▶ [SUPPLIED RECORDS]
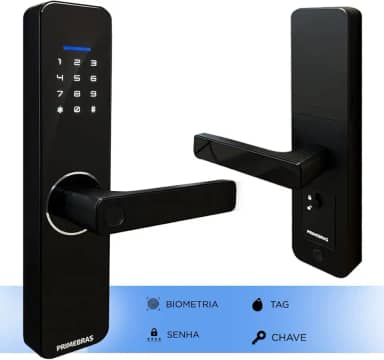 Fechadura Digital Reversível Biométrica de Embutir Primebras Com Biométria + Senha+ Chave Para Porta de Madeira
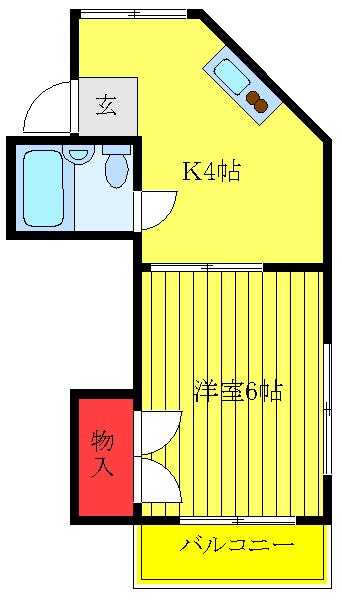 エステートキヨ(1K/3階)の間取り写真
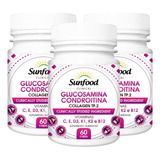 3 Glucosamina Condroitina Collagen Tp2 60caps Vitaminas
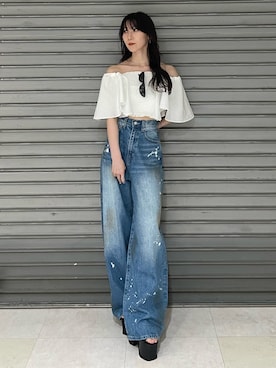 「EMODA」｜「アイテム（アクセサリー）」を使った、後藤茉子さん（レディース・158cm）の夏コーディネート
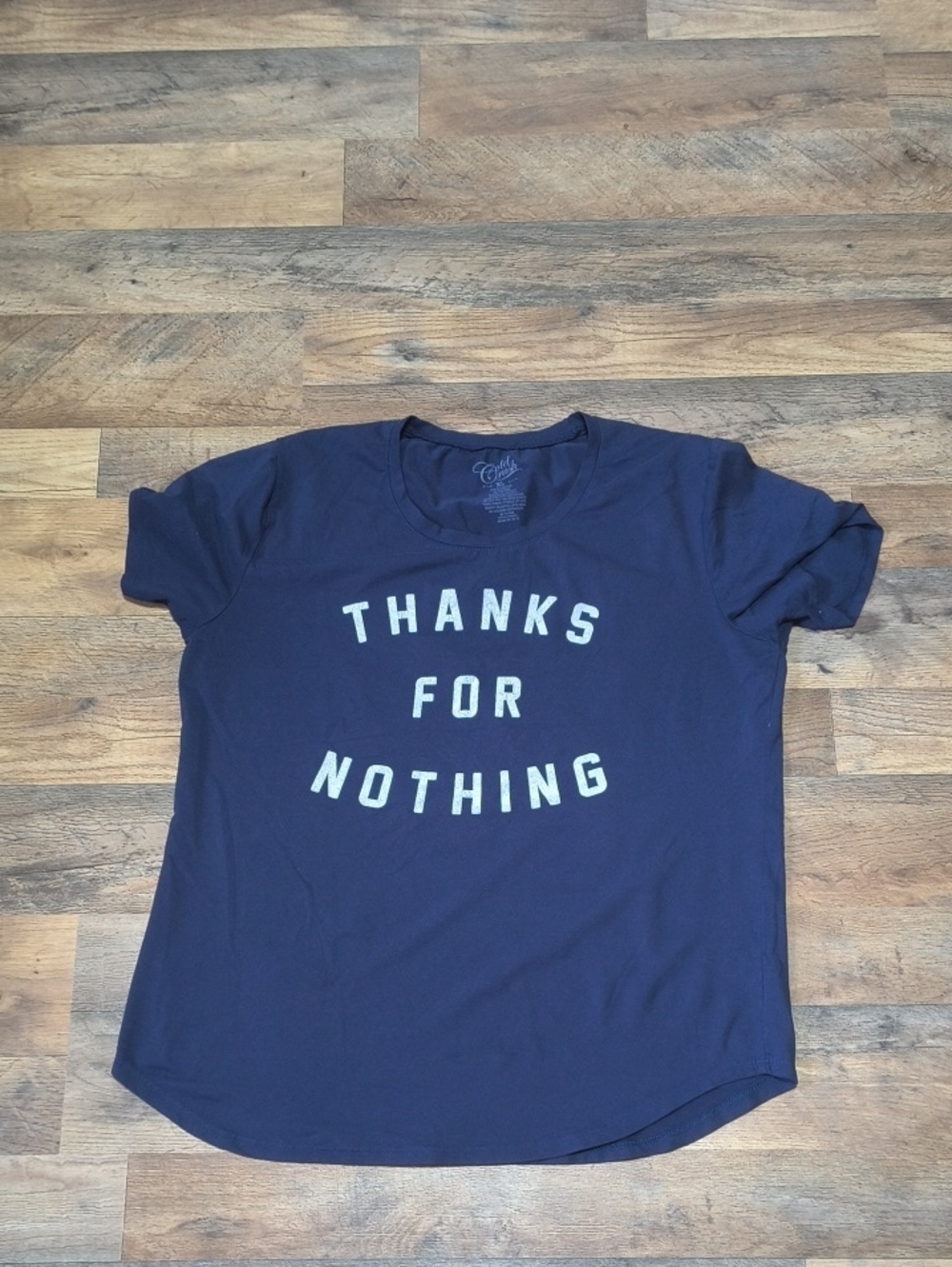 Cold Crush Navy Short-Sleeve Tee with 'Thanks for Nothing' Graphic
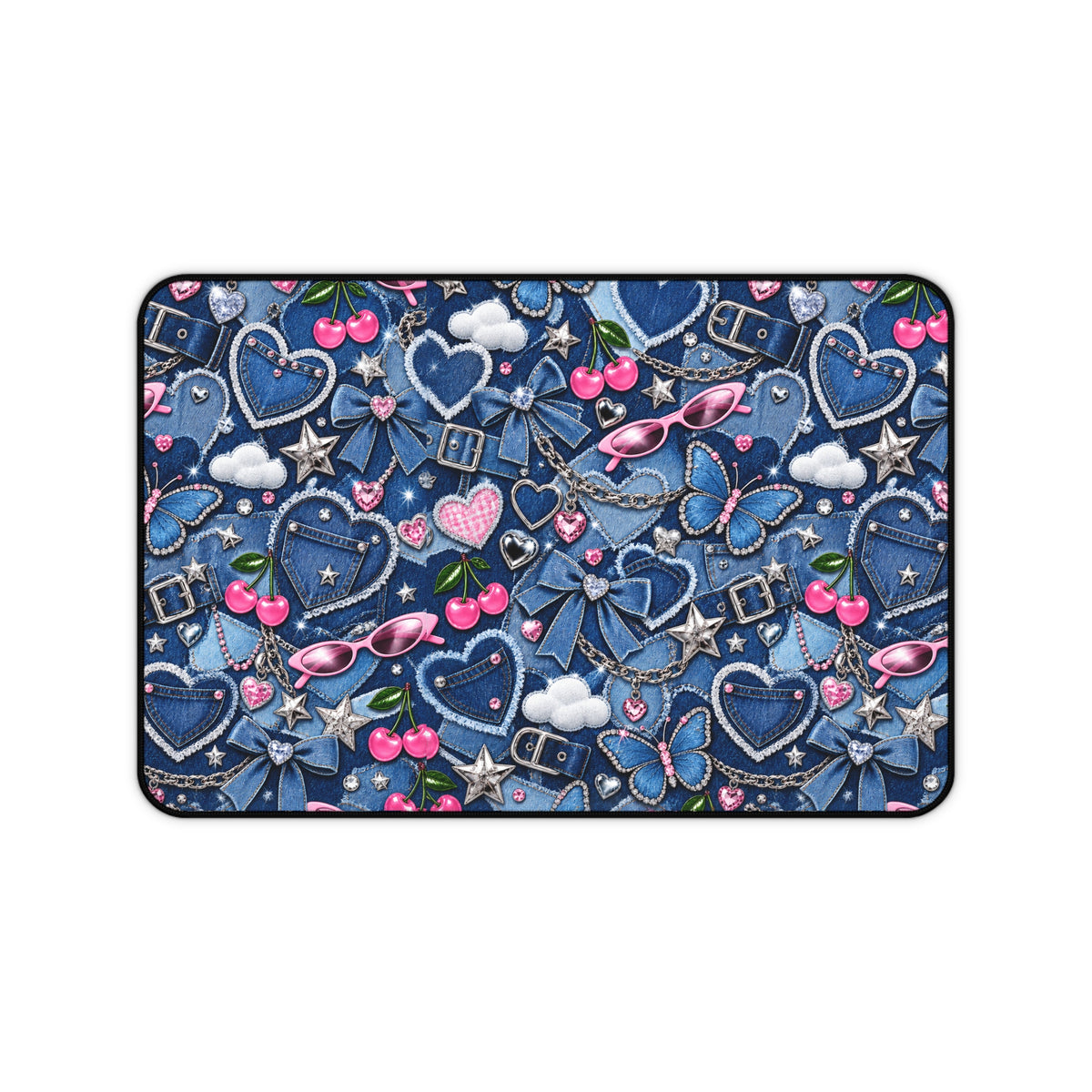 Y2k Denim Love Desk Mat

▶ [TASK DIRECTIONS] Please write out, exactly, every line from the line with "Cold Crush Navy" through the final line of the data above, leaving out pictures.

▶ [ANSWER TO THE PROBLEM]
 Cold Crush Navy Short-Sleeve Tee with 'Thanks for Nothing' Graphic
 Y2k Denim Love Desk Mat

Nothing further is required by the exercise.